Recorded data —

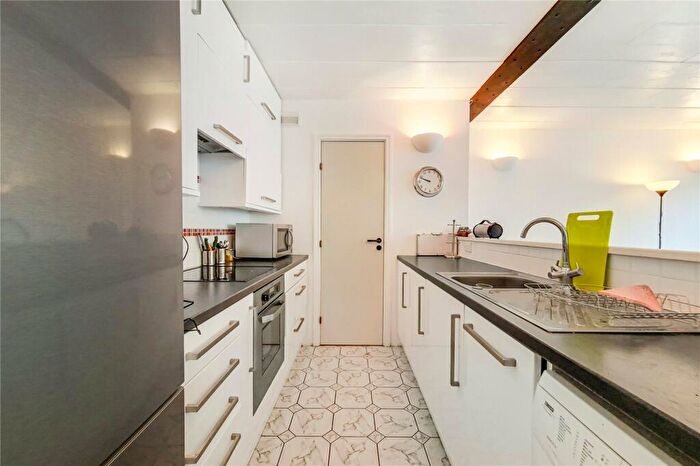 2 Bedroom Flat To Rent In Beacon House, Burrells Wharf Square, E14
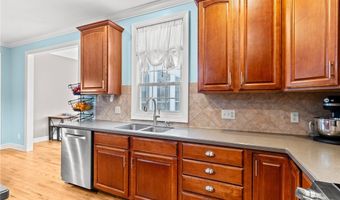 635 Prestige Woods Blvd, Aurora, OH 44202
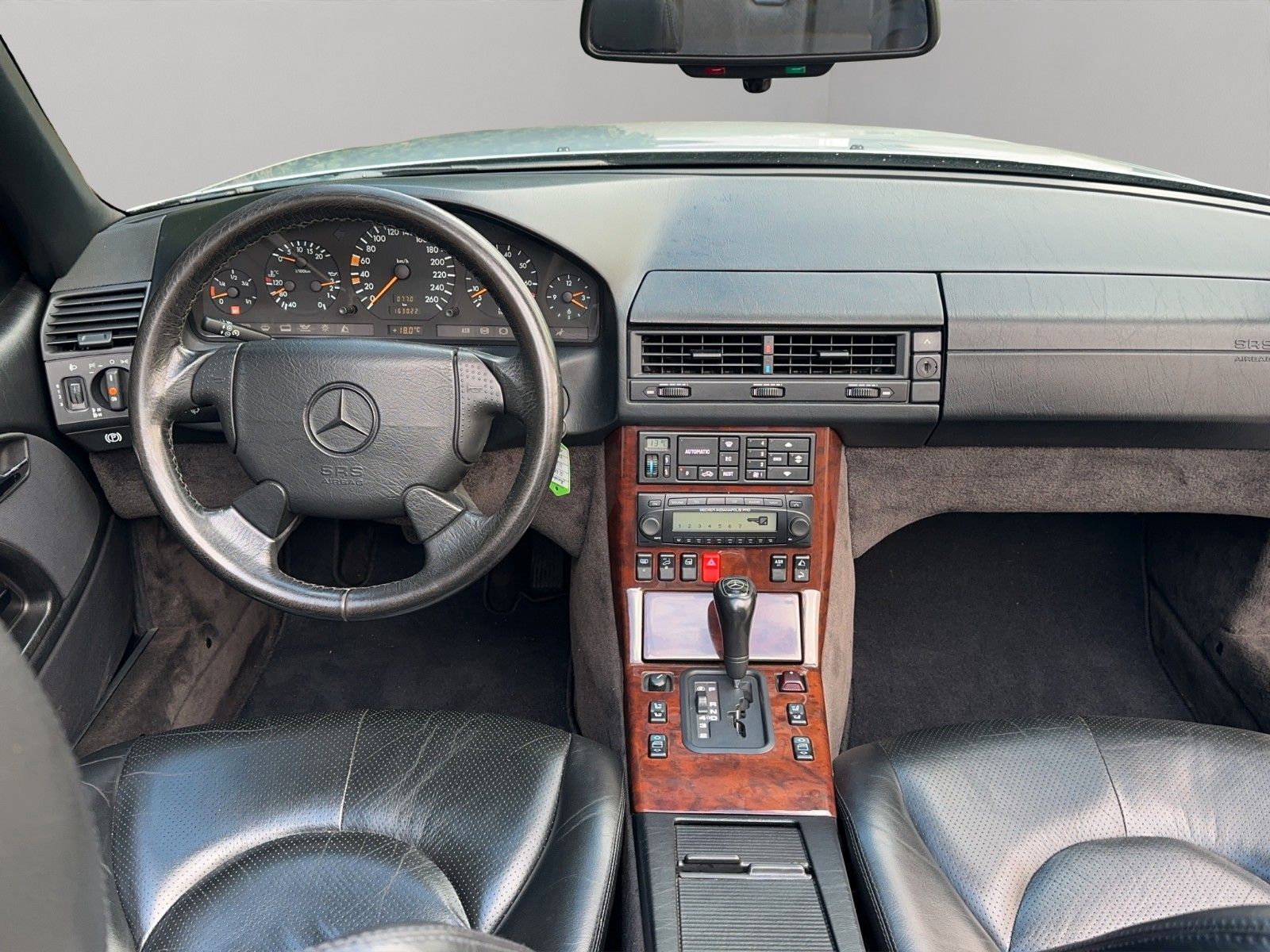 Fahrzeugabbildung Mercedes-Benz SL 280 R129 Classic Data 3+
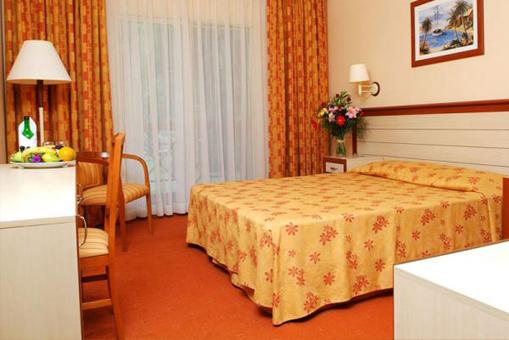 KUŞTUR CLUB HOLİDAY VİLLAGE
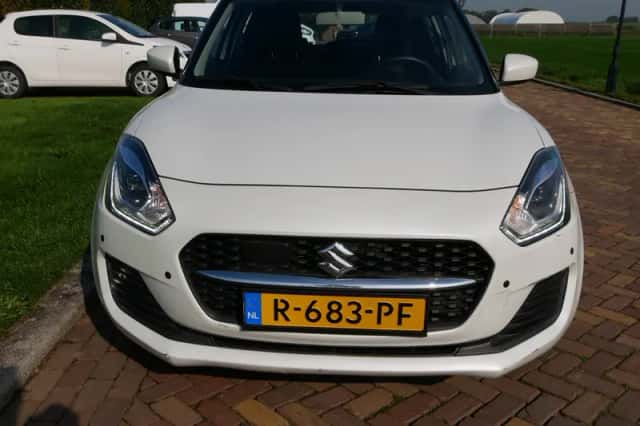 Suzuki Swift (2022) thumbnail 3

...

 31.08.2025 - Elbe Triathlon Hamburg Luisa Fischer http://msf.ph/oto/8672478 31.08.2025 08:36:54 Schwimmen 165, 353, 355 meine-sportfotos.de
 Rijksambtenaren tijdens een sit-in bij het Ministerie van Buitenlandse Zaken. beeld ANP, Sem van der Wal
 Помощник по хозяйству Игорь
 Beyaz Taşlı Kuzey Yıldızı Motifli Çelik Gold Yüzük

Your goal — To complete this exercise, transcribe exactly the lines above from the one that holds "635 Prestige Woods Blvd, Aurora, OH 44202" through the one that holds "Suzuki Swift (2022) thumbnail 3". Pictures stay out.

Exercise response —
 635 Prestige Woods Blvd, Aurora, OH 44202
 Fahrzeugabbildung Mercedes-Benz SL 280 R129 Classic Data 3+
 KUŞTUR CLUB HOLİDAY VİLLAGE
 Suzuki Swift (2022) thumbnail 3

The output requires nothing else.